ああ、嬢ちゃんはリースと知り合いなのか? 今度一緒に? そりゃあいい事だ。
その日も、妹は弁当を作って俺んとこに来たんだ。
俺も丁度依頼が終わって、午後にどれを片付けようかと掲示板を物色していた所だった。
ただ、体調がいいっていってもよ、途端に崩れることもあるんだ。
ギルドに向かう途中に、そうなったんだろうな。
俺に話しかけてきた時には青白い顔をしてたよ。
なんでそんな無理してまで来たんだ、俺はそう妹を叱りつけた。
そこに、妙に挙動不審な男が割り込んできたんだ。
あ? ああ、そうだよ。想像通りだ。
別に兄妹の事だ、とやかくいうな、なんて言うつもりはねぇさ。
心配してくれる奴が増えるのは、シュリエにとってもいい事だしな。ああ、妹の名だ。
ただな、次も同じように無理して、無事で居られる保障はねぇよ。
だから、俺は言い聞かせることを辞めようとはしなかった。
一応、昼時で人が少ないギルドとはいえ、迷惑になっちゃいけねぇと場所は移そうと考えた。

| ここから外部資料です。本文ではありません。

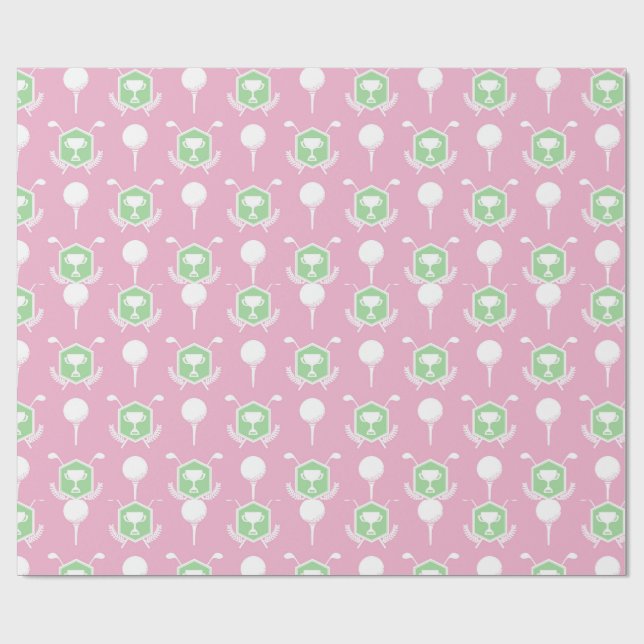 Rosa & Grönt Damgolfslinga Presentpapper (Platt)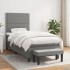 Cama box spring con colchón tela gris oscuro 90x200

だから、男の横を通り過ぎ、シュリエの手を引いて、ギルドの会議室を借りようと受付に向かったんだ。
背中に衝撃と、熱い感覚が走ったのはその直後だったよ。
ああ、どうも背中を斬られたらしい。
ありえねぇだろ?
後ろで剣を構えた男がブツブツと、酔ったような笑みを浮かべながら、何かいってたのは覚えてる。
気でも狂ってんじゃねぇかと思ったよ。
その後はもう、意識を失ってぶっ倒れたみてぇだ。
ほんと、良く生きてたと思うぜ、自分でもな。
後で聞いたが、その後シュリエが泣き叫んで、真っ青な顔して俺と一緒に気絶して、そらもう大変だったらしいや。

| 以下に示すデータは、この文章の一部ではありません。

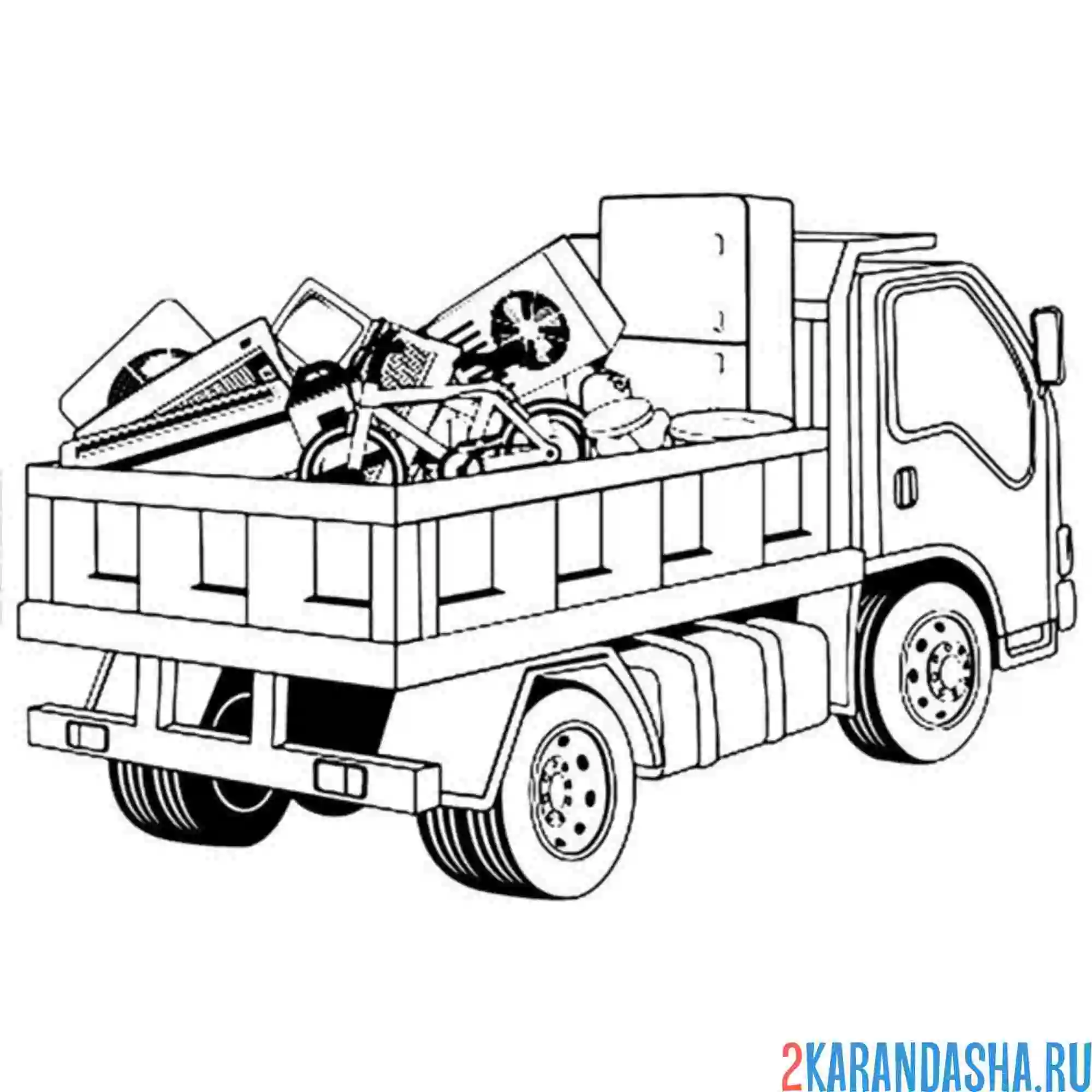 Раскраска мусоровоз забит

おいおい、嬢ちゃんまで真っ青な顔してどうするんだよ。
……倒れる前は、俺が死んだらシュリエはどうなるんだろうって事ばかり考えてた。
斬った男への恨みは勿論あったが、それよりもシュリエが自立出来るようにしてこなかった自分への不甲斐なさが大きかったな。

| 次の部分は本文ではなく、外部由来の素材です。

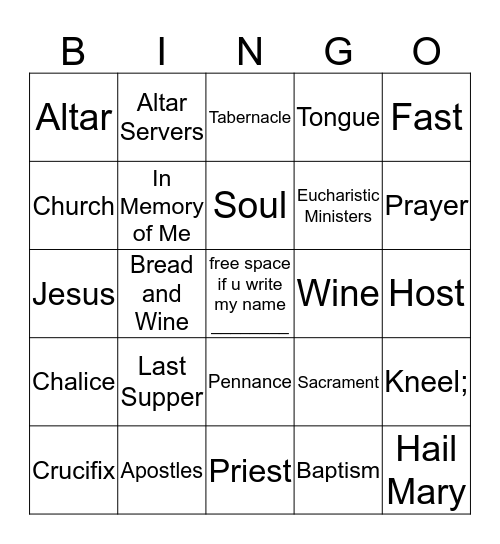 First Holy Communion Bingo Card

勇者か? 変な言い訳をかましてすぐさま逃げたらしいぜ。
その後はどうなったかは俺も知らねぇや。
少ししてから、国から見舞金って名目で金を渡されたよ。分かっているな、って口止め付でな。
その男が勇者だって知ったのは、その時だった。
本心から、妹の事を助けようとしてくれたのかもしれねぇ。
ただ、俺が次にアイツの面みたのは、二年後さ。
その時には、どうしても、そうは思えなくなっちまった。
いくら、アイツがいなければ魔王が倒せない、なんて言われてもな。許す気にはなれねぇよ。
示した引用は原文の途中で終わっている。